Discussing the impact of COVID-19 on students

Recent test scores plummet compared to pre-pandemic scores in 2019

Ali Smith, Arts & Leisure Editor

After nearly two years of masks, mandates and illness, we are approaching the road home to recovery from the COVID-19 pandemic.

Although the COVID-19 virus is still at large, schools, businesses and states, just like Gannon, are making masking optional.

As someone who is fully boosted, young and healthy, I have been waiting for this day of freedom, which was delivered on Feb. 23 from Doug Oathout, marketing and communications director, in a COVID-19 update.

While COVID-19 is still an issue, we are left with the daunting fear surrounding the aftermath of the pandemic.

In an article published Saturday by the Erie Times-News, reporter Valerie Myers wrote about how student test scores plummeted in 2021.

This shows drastic differences to that of 2019, the last pre-pandemic year.

Myers attributed this to remote learning and COVID-19 restrictions, but also acknowledged that far more than the pandemic itself can contribute to the drop in scores.

These factors include remote learning and less students actually taking the test to produce an accurate summary of student learning for the 2021 school year.

As a teacher candidate, I have also observed in classrooms that students no longer take notes by hand in notebooks most of the time.

In fact, some of them don’t even own a notebook at all.

This could be due in part to interrupted instruction all of us were unprepared for in March 2020 as COVID-19 took the world by storm and forced kids to learn remotely.

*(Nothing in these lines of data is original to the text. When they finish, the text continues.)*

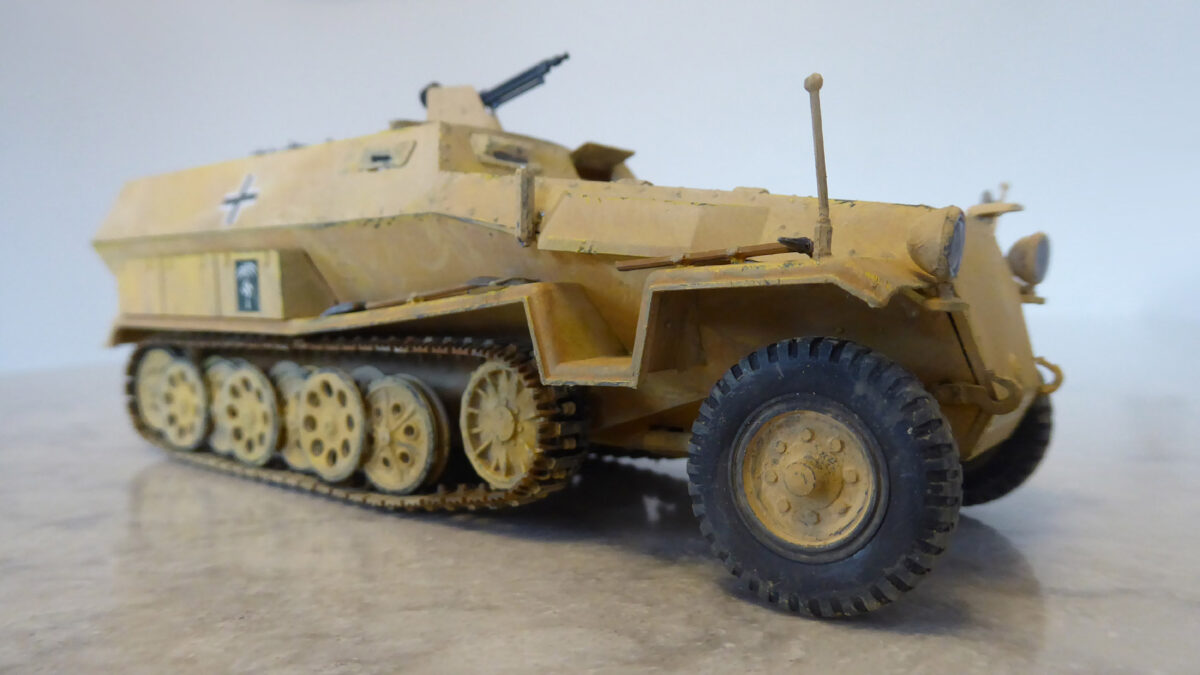 Tamiya WWII German Halftrack Hanomag Sdkfz 251/1 in 1/35 scale ...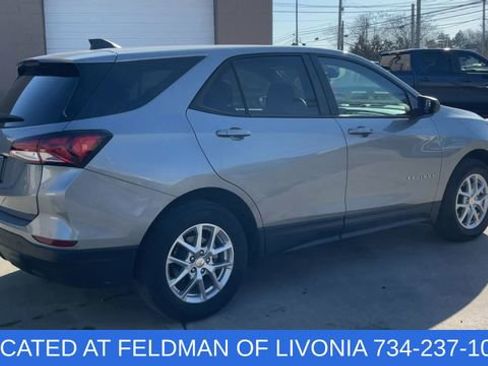 Used 2023 Chevrolet Equinox LS w/ LS Convenience Package image 8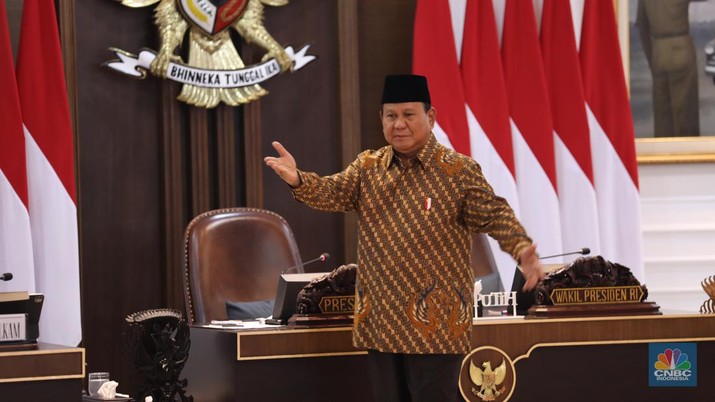 Presiden Prabowo Subianto memimpin rapat kabinet perdana masa jabatan 2024-2029 di Istana Merdeka, Jakarta, Rabu (23/10/2024). (CNBC Indonesia/Tri Susilo)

As a result, students at foundational ages never learned to take notes, as teachers had to find new methods of delivering instruction in a way that ensured all students would have the opportunity to be successful.

Most college courses, at least at Gannon, are lecture-based, dependent on student self-teaching and note-taking and study skills.

Because of this, these realities concern me as a future educator who is going to have to prepare students for higher education, the military or the workforce.

Some college students have shifted to taking notes on a device, which for some is effective.

However, some school districts don’t have the means to provide a device for each individual student.

This means that students can be missing out essential knowledge and skills that only can be acquired through the mode of taking notes and physically writing ideas out.

I only graduated in 2019, and my 10th grade English teacher taught me that if you can remember it, write it in red pen and you will.

Perhaps I am stuck in my ways and unconvinced of the benefits of this new way of learning beginning to come out of the pandemic education process.

This is just because I could not imagine my K-12 career without a notebook, and I don’t think I would survive college without my rigorous note-taking abilities.

I am anxious to see how this changes the future of K-12 and higher education, as I will be forever wrapped up in both as a teacher.

Will test scores improve as in-person learning resumes, or will skills missed during the lockdown era affect the trajectory of knowledge for years to come?

I am hopeful for life as we emerge from the dark veil of COVID-19, but I am worried about how it will affect us in the short-term and also in the long run — and education is just one example.